▸ What needs to be done: In the listing that follows, the range to quote begins at the line that has "FEIJÓO pone EN" and ends after the line that has "Կպչուն պիտակ"; quote it verbatim and add nothing.

▸ Data provided:
"""

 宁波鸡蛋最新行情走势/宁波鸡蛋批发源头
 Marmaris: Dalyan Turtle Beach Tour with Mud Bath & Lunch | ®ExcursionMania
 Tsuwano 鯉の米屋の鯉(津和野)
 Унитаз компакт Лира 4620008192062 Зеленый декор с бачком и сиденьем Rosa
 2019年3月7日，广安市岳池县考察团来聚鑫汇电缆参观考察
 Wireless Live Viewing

"""
"""

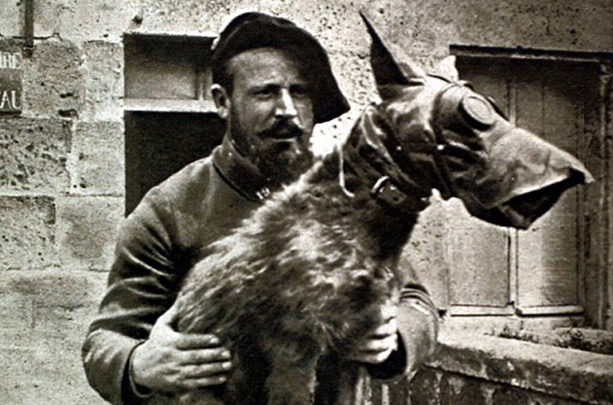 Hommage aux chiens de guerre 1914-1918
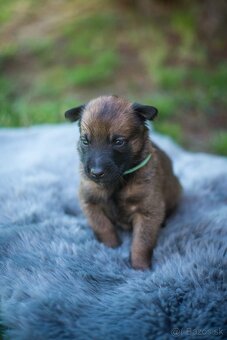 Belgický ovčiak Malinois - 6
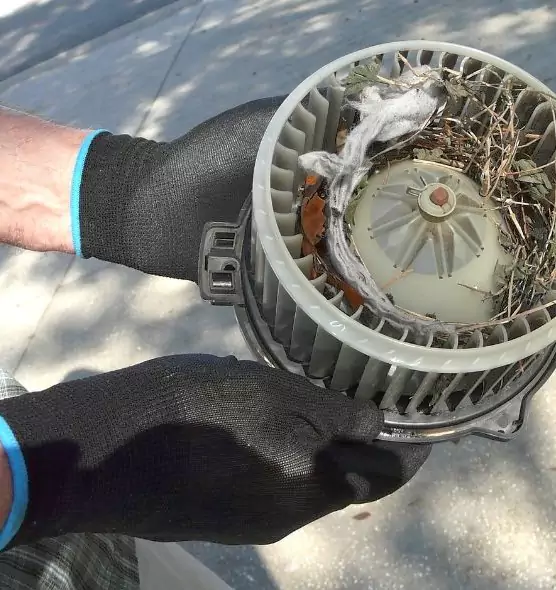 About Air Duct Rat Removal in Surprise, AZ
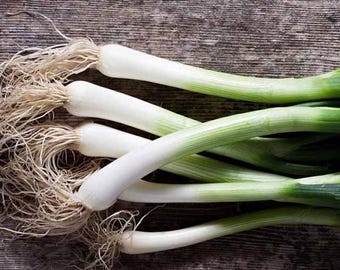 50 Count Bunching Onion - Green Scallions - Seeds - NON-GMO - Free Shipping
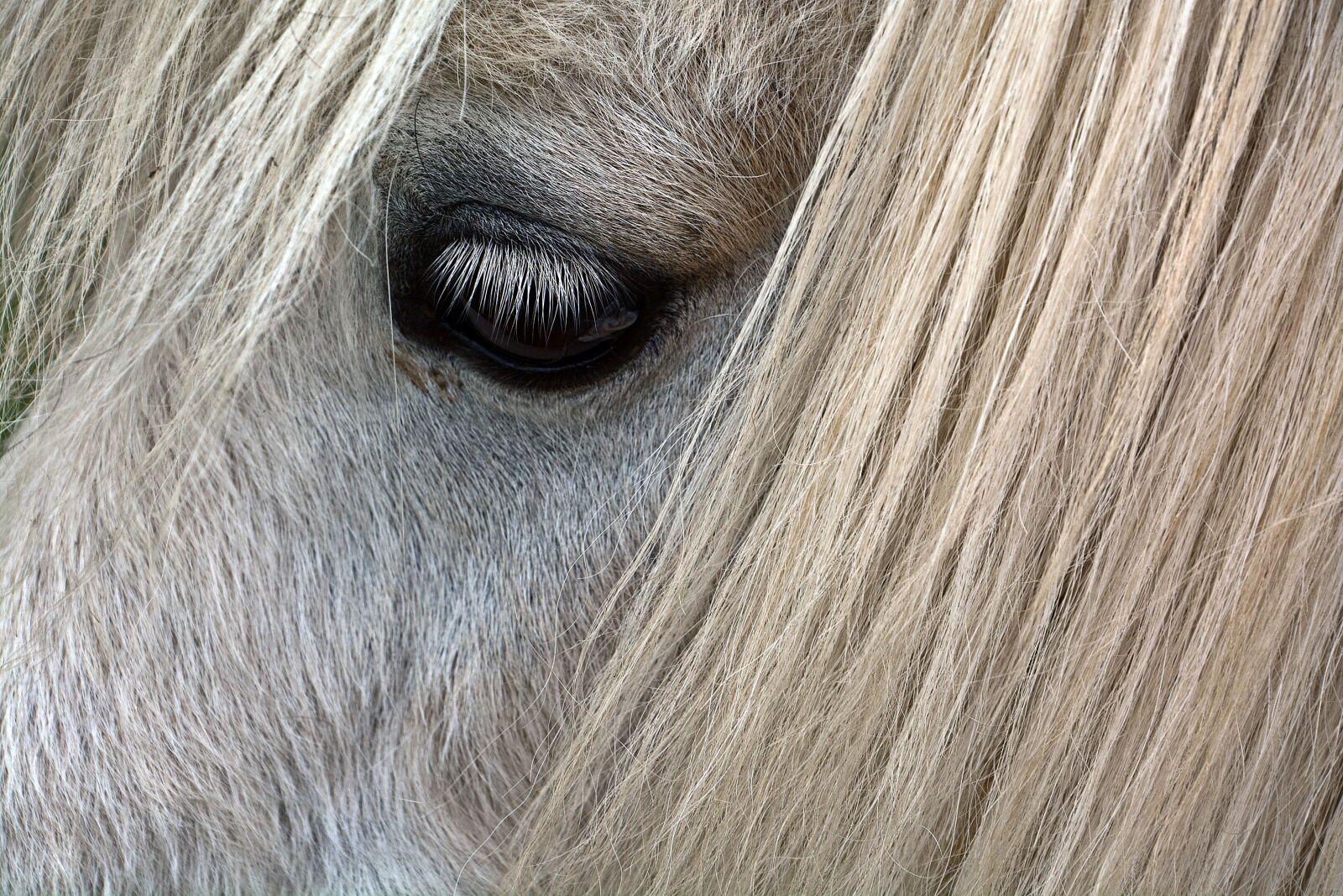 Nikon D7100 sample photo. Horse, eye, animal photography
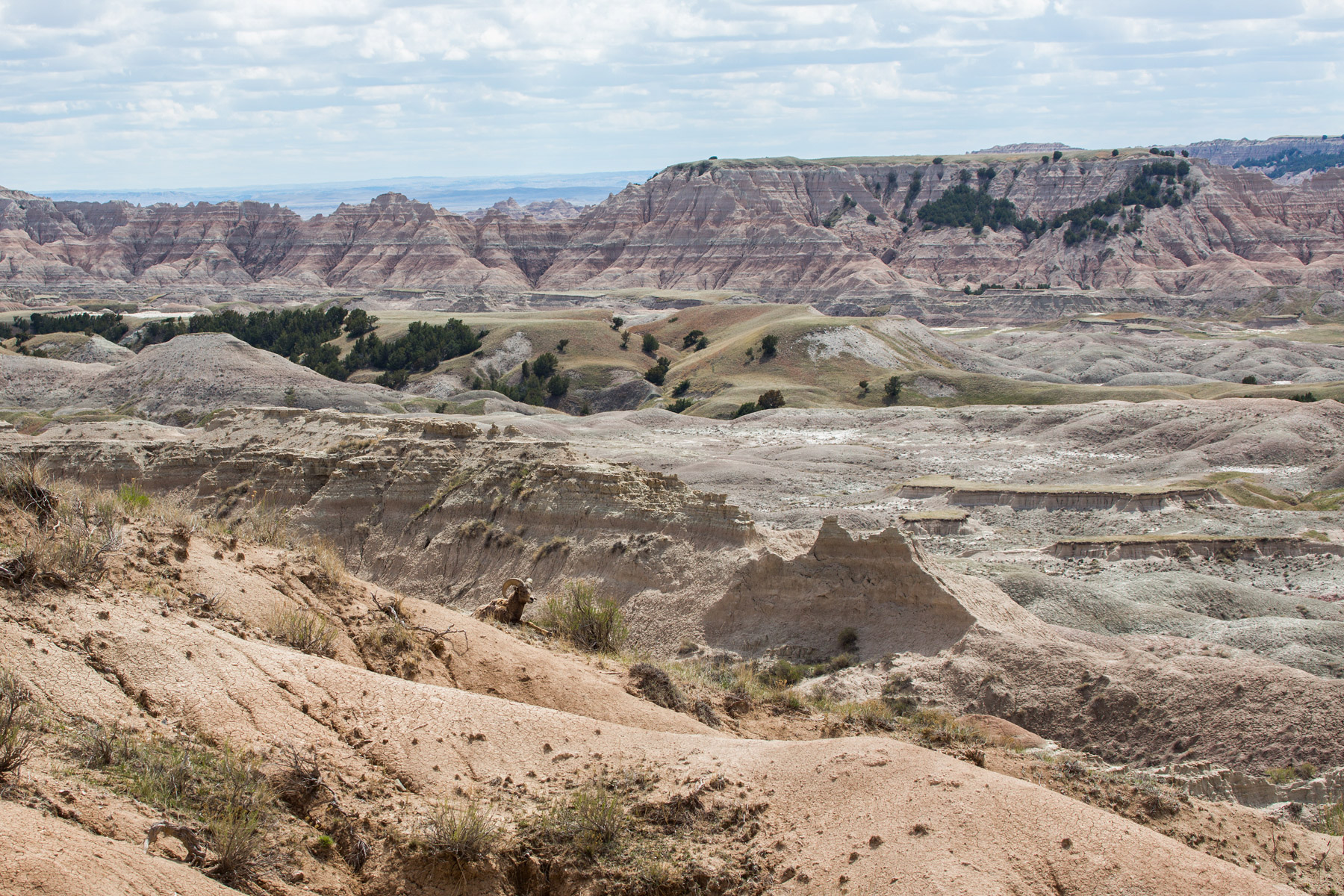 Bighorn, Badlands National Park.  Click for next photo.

"""
"""

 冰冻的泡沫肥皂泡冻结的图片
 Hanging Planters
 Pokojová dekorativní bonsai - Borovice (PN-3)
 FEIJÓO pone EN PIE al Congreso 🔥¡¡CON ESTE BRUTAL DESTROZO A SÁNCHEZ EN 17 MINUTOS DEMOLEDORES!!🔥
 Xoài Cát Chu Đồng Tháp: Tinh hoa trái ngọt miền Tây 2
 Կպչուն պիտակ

"""

▸ Result for this exercise:
 FEIJÓO pone EN PIE al Congreso 🔥¡¡CON ESTE BRUTAL DESTROZO A SÁNCHEZ EN 17 MINUTOS DEMOLEDORES!!🔥
 Xoài Cát Chu Đồng Tháp: Tinh hoa trái ngọt miền Tây 2
 Կպչուն պիտակ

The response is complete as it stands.